Your answer should be the lines below from the one with "Midi Etek Yırtmaçlı" to the one with "Four pastel bookmarks", both included, given again exactly and with nothing added.

**Records for processing:**
- Opening Delimiter -
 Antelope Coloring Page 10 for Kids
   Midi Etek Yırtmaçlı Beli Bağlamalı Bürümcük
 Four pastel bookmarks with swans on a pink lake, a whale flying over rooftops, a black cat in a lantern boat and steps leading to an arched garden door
- Closing Delimiter -
- Opening Delimiter -
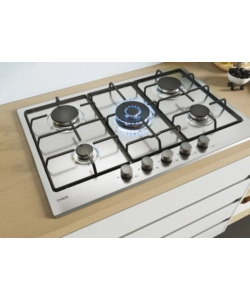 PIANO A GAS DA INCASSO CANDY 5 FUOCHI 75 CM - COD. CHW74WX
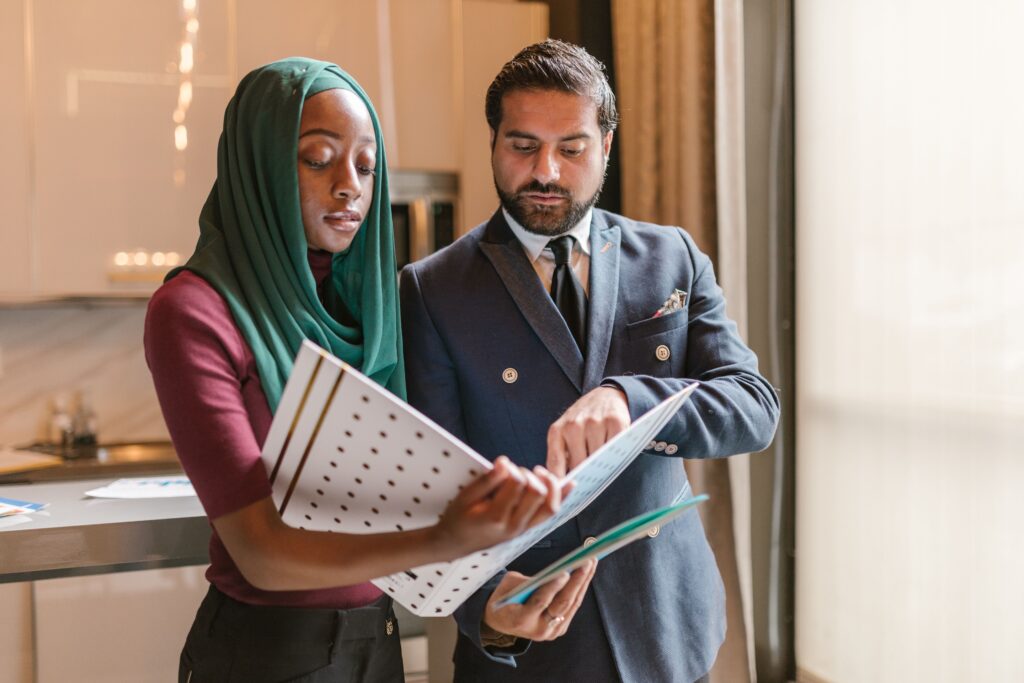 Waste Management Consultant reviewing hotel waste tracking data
- Closing Delimiter -
**Answer for this exercise:**
   Midi Etek Yırtmaçlı Beli Bağlamalı Bürümcük
 Four pastel bookmarks with swans on a pink lake, a whale flying over rooftops, a black cat in a lantern boat and steps leading to an arched garden door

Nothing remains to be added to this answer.